I will clean up and comment my source code to post. It is essentially a series of calls to CUBLAS functions with a few additional functions I wrote.



This kind of odd delay isn’t exactly uncommon…

Every product I’ve developed to date, and all of the sample apps in the CUDA SDK suffer from this same problem - eventually.

I’ve posted various threads on this issue multiple times, and some of the issues have been fixed - but ultimately you still end up seeing inconsistent timings in kernels, the older your context is, and as the frequency of kernel launches increases.

Sadly this is my primary bottle neck right now - and has been (in conjunction with OpenGL interop) for a few months.

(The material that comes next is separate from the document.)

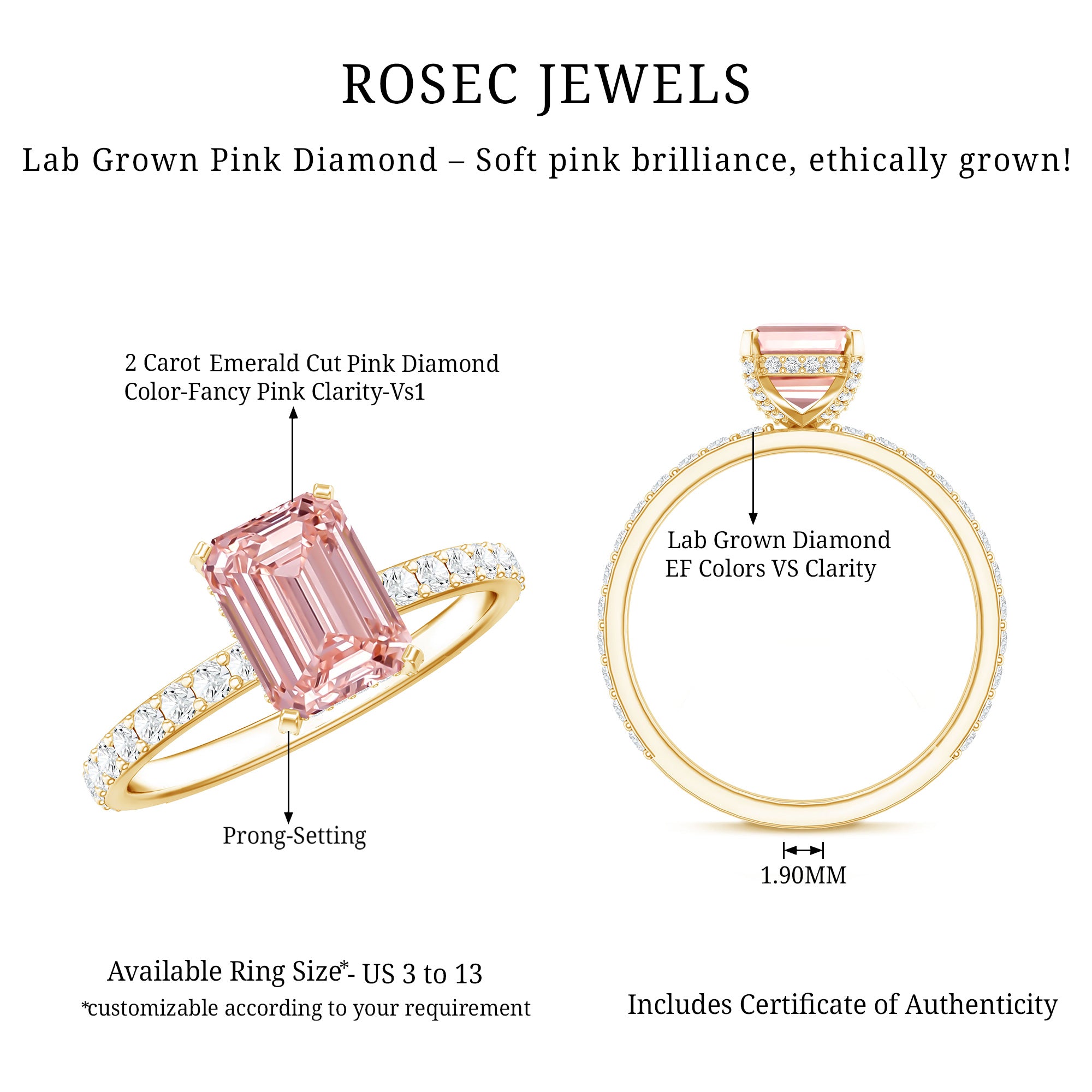 Rosec Jewels-IGI Certified 2 Carat Emerald Cut Lab Pink Diamond Engagement Ring for Her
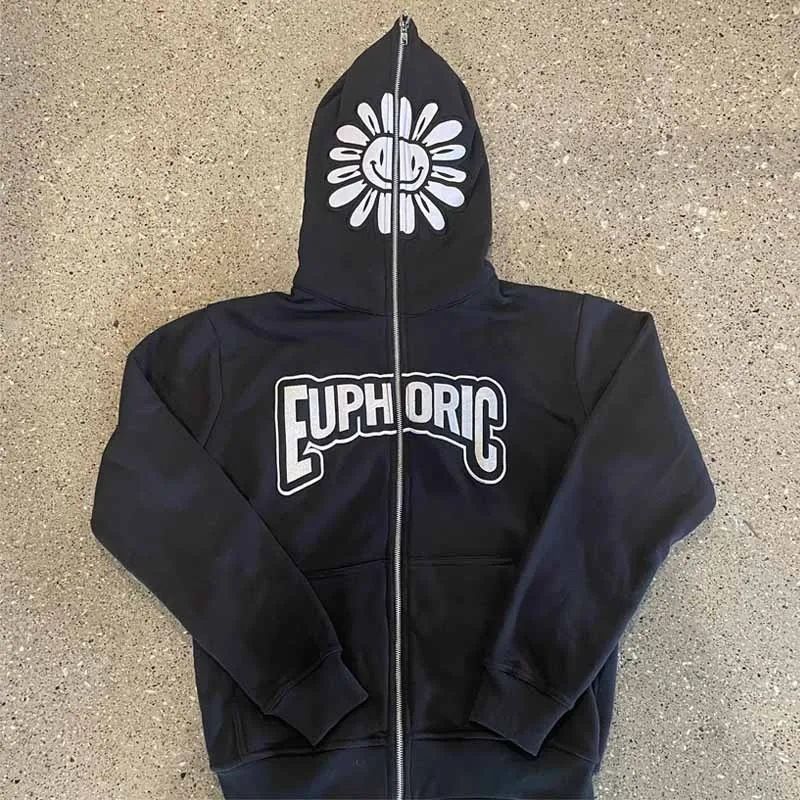 Gothic Unisex Zip-Up Hoodie mit fünfzackigem Stern-Print – Oversized Dark Aesthetic Streetwear für Männer & Frauen_voghion.com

I have kernels going from ~150us to 6-10ms+ at times, reliably every other iteration - after a certain period of time.

At first I thought I might’ve been pushing the card to it’s limits and the driver was having a hard time managing all the resources flying around, but it happens on multiple cards, drivers, and both windows and linux… sighs

Smokey, have you posted a repro? All of the clocking bugs that I know of have been fixed, so I don’t know what’s causing your issues.

Are there any work-a-rounds to combat the problem? Unless my eyes (code) deceive me, it looks like the efficiency drops to about 0.1% within a few milliseconds of starting.



Hmm, once we kick this release out the door (about a months time), I might be able to spend some time pin-pointing specific kernels we use which display this behavior when run on their own at a high frequency.

Currently our only major app that uses CUDA extensively runs ~40-50 kernels per frame/iteration, so it’s no small task making a small repro case that exhibits the behavior we’re seeing.

I think my most recent post is: http://forums.nvidia.com/index.php?showtop…=0&p=530658 - but I understand it’s quite a lot harder, if not impossible to fix a problem you can’t reliably produce in a test case.

I probably should’ve clarified in that post, that in my real application - the timings do start off very similar to the profiler timings - but gradually increase above profiler timings a little, then start spiking reliably. I’m still under the impression it’s related to the driver scheduler, resource management, or the fact this is a card running as a display device as well, AND we do HW accelerated OpenGL on the same card…

After doing some more investigating, it seems like (for me at least) the problem is improved if I add a random 1ms Sleep() to 1% of the iterations. Since I’m rarely sending or receiving large amounts of data from the GPU, but only rapid-fire calling a series of CUBLAS commands, it would make since if the card was being slowed down by a backlog of requests. While a fix is a fix is a fix, I think there must be a more efficient way to go about this. Any suggestions?


Are you calling cudaThreadSynchronize() before making timing measurements?

I run in a very different situation: typically headless servers running linux without even a windowing system installed. My app runs ~10 kernels per iteration and I have run single jobs for a more than a week and the performance at the end is the exactly same as the performance at the beginning. Come to think of it, I have run week+ jobs on a couple systems that are running X, but the screen is asleep and not doing anything. Maybe it is the active OpenGL that is the difference?

Oh, and are you guys running the latest drivers? I seem to recall a similar issue a while back that turned out to be a driver problem that was subsequently fixed.

I am calling cudaThreadSynchronize() before and __syncthreads at several points through each iteration.

The long and short of what I am doing is simulated annealing for neural network training. The interface is in Java which calls the C++ dll wrapper I wrote to interface with CUDA. What I am seeing is an exterme non-linear effect with the amount of work I throw at the dll. So if each iteration is 100 steps (each step being a ~8 CUBLAS calls) then it takes ~7ms for the DLL to return, 1000 steps will take ~1 sec, and 10,000 steps is currently running at 818 seconds!

I definitely want to move everything over to a Linux box, but that of course would take time I could/should/need to be spending elsewhere on the code.

I do have the latest drivers (CUDA 2.1).